Over here: "The United States lags behind others in the world in modernization of shipping terminals," says Jim Kruse of the Center for Ports & Waterways, Texas A&M Transportation Institute. "They have to become more efficient."

Over here: We consistently raid money set aside for transport infrastructure maintenance, redirecting resources to fund policies that buy more votes in the short term.

Over there: They take a long-term view. They are smart enough to realize that money given away now is gone forever, but money invested in transport infrastructure keeps economies growing, paying dividends for decades.

Over here: We marshal taxpayer dollars reactively—responding to short-term economic crisis, or a need to sink some political three-pointers.

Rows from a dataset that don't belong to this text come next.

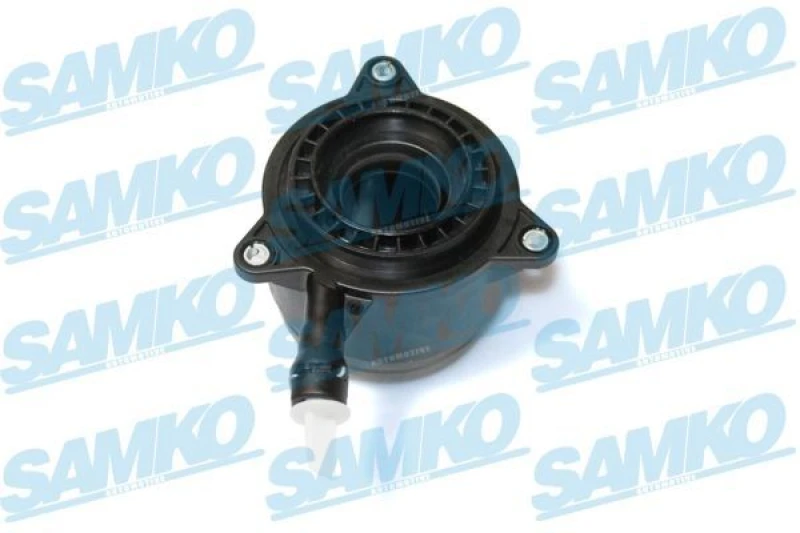 Image of SAMKO Concentric slave cylinder SAMKO M30306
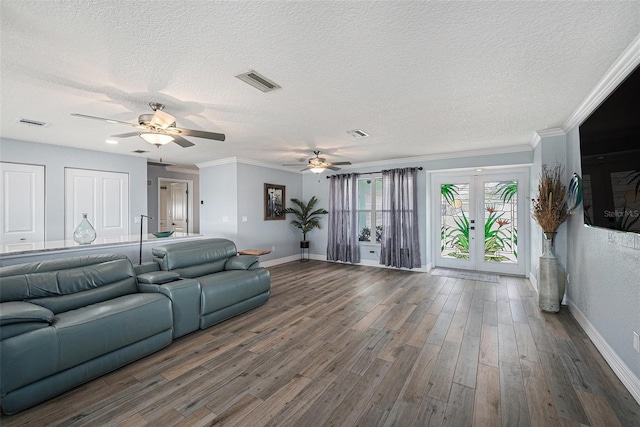 5694 Oakhurst Dr, Seminole, FL 33772 - photo 6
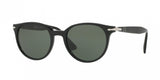 Persol 3151S Sunglasses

Over there: Everyone must deal with domestic political realities. But some issues are so important—such as maintaining the arteries serving commerce, general economic welfare, and the common good—that they are exempted from political wrangling.

Over here: We use vast amounts of public money to fund transport projects such as bike paths for the elite few who are chasing a green dream. We also spend vast sums on underutilized light rail projects that are little more than local pork or programs to create government jobs.

Over there: They have a national transportation policy that prioritizes spending, directing resources to projects that will do the most good for the most people for the longest time. Even better, they have a global transportation policy that enhances their ability to excel in world trade.

Over here: We are making some real progress, mostly at the grass-roots level by private entities. But it is not enough. Our arteries of global trade, logistics, and commerce are hardening—while over there, they are not standing still.